## TASK REQUIREMENTS
The stretch from the line with "Avizar Funda Cartera" through the line with "요거트 스무디 메뉴 사진(네이버)" in the records below: write it out exactly, and nothing else.

──────── EXTRACTED MATERIAL ────────

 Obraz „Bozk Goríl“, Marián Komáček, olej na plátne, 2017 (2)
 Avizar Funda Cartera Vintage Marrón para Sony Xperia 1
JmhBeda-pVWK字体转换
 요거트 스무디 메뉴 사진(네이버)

────────
──────── EXTRACTED MATERIAL ────────

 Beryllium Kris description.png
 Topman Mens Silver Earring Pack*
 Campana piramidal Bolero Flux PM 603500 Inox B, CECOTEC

────────

## COMPLETED EXERCISE
 Avizar Funda Cartera Vintage Marrón para Sony Xperia 1
JmhBeda-pVWK字体转换
 요거트 스무디 메뉴 사진(네이버)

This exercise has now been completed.